■ PROBLEM:
What is needed is an exact copy of the records below, without the pictures.

====

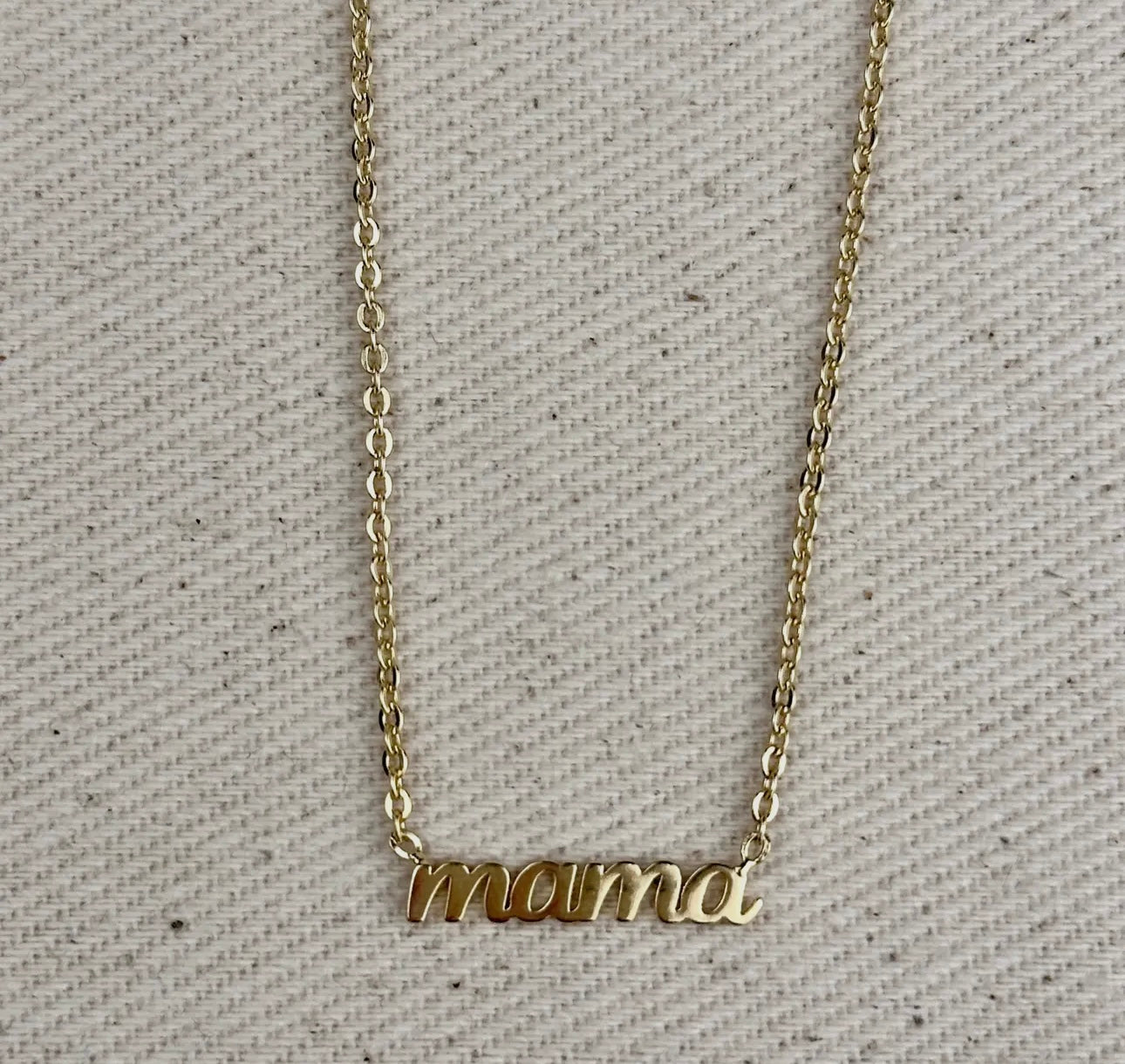 Mama Necklace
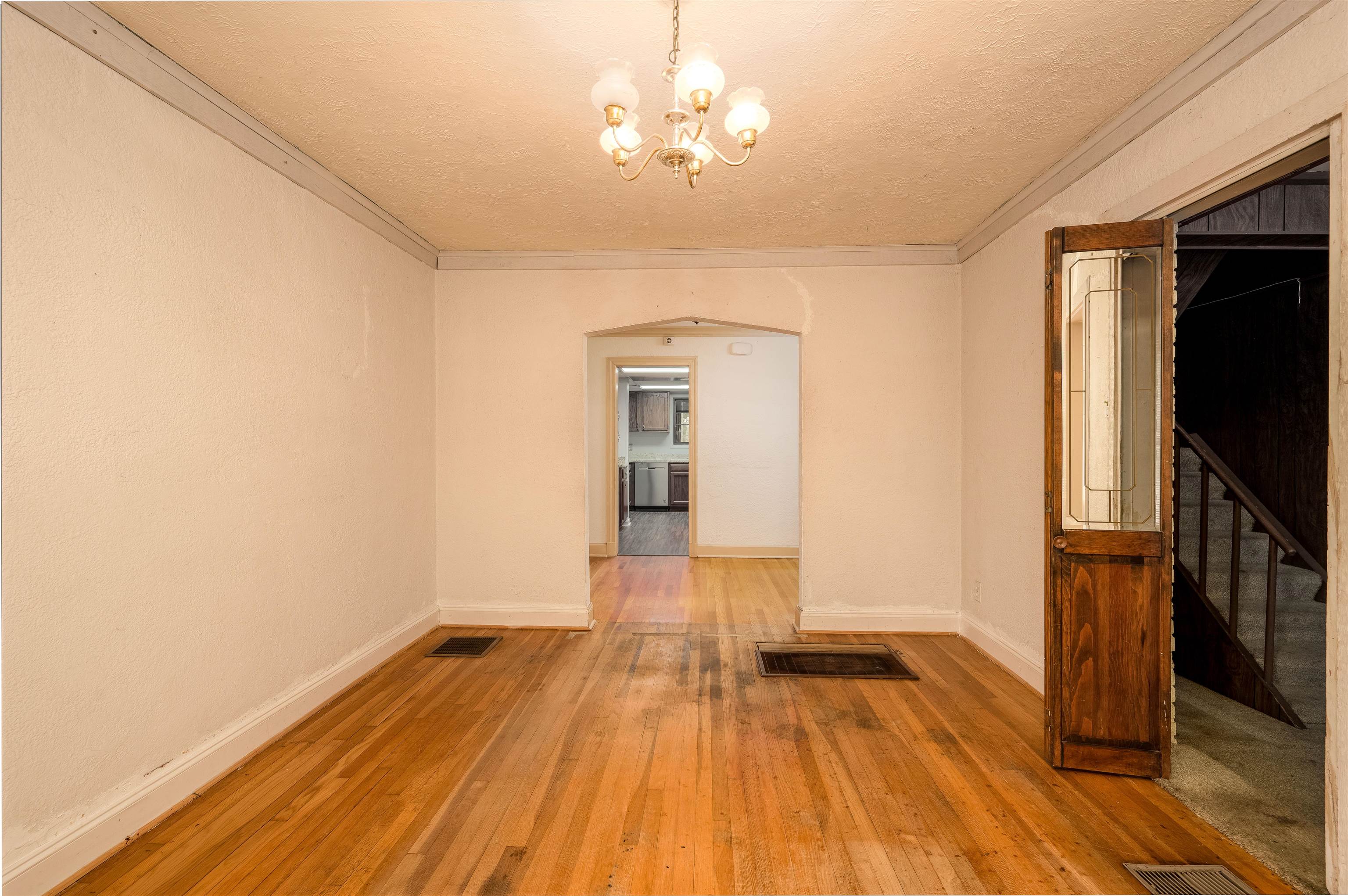 3814 Faxon Ave
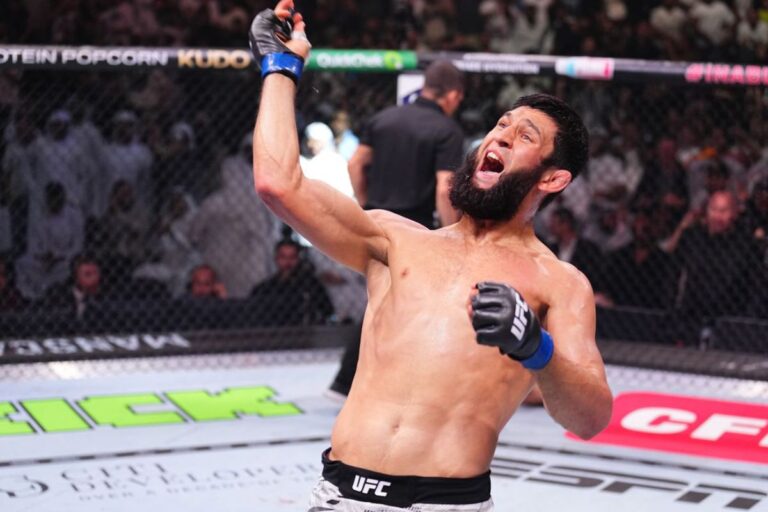 Prochain combat de Khamzat Chimaev : Strickland à l&rsquo;UFC 328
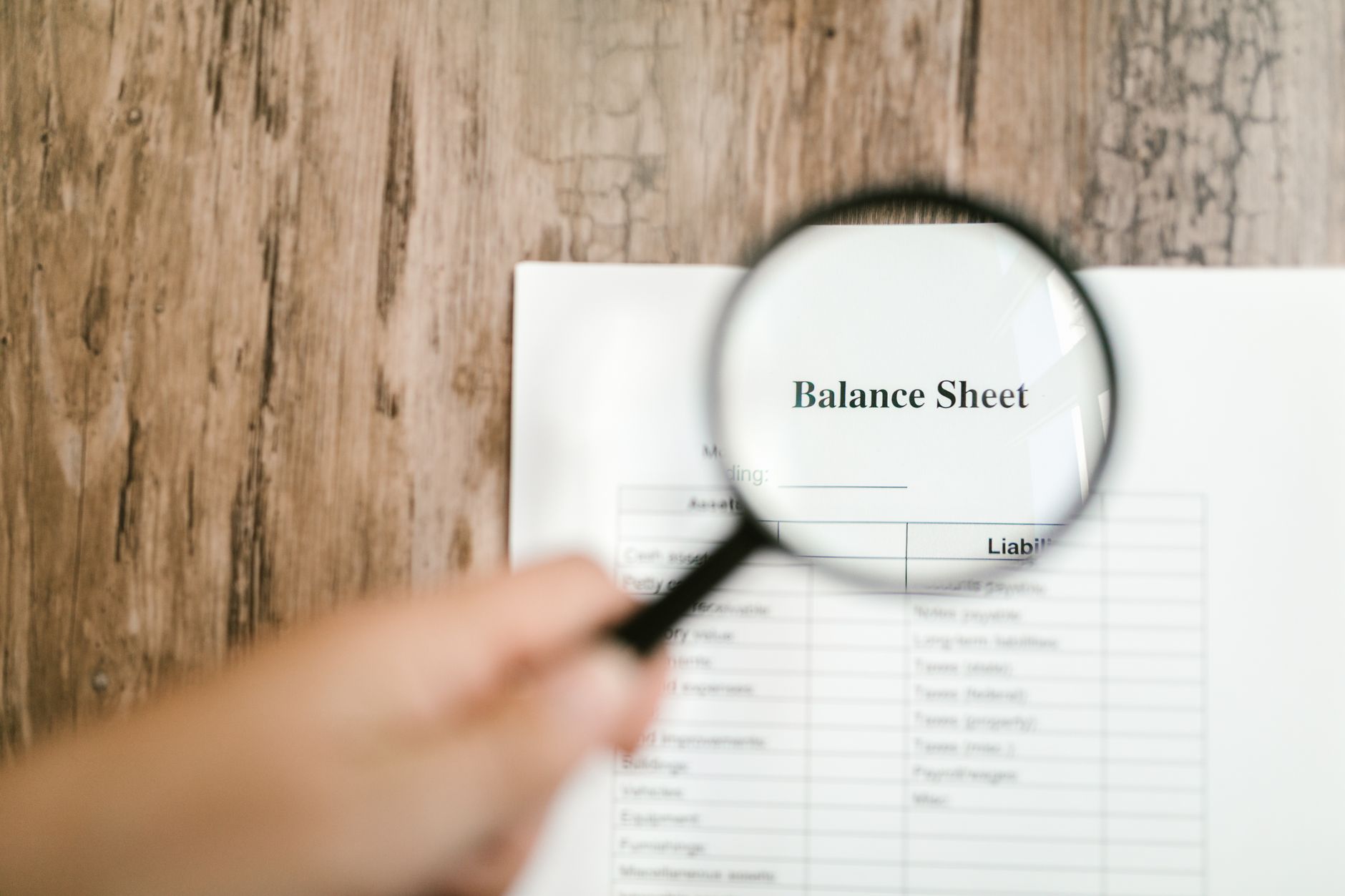Net Worth Tracking [2026]: Why It Matters More Than Income and How to Calculate Yours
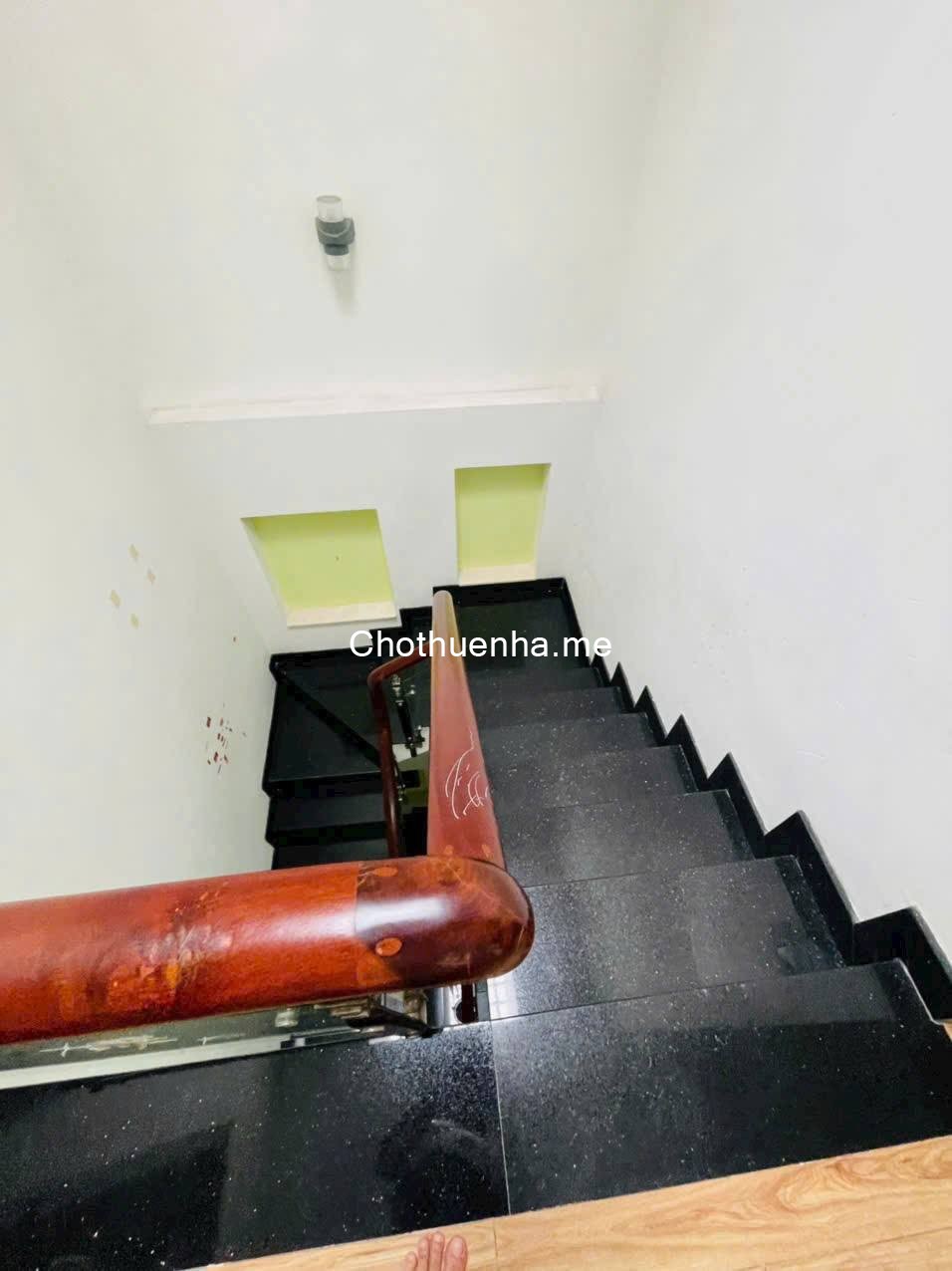 Cho thuê nhà Nguyên căn 1 trệt 2 lầu mới đẹp hẻm xe hơi ngay đường Hoàng Diệu 2, Thủ Đức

====

■ RESULT BELOW:
 Mama Necklace
 3814 Faxon Ave
 Prochain combat de Khamzat Chimaev : Strickland à l&rsquo;UFC 328
Net Worth Tracking [2026]: Why It Matters More Than Income and How to Calculate Yours
 Cho thuê nhà Nguyên căn 1 trệt 2 lầu mới đẹp hẻm xe hơi ngay đường Hoàng Diệu 2, Thủ Đức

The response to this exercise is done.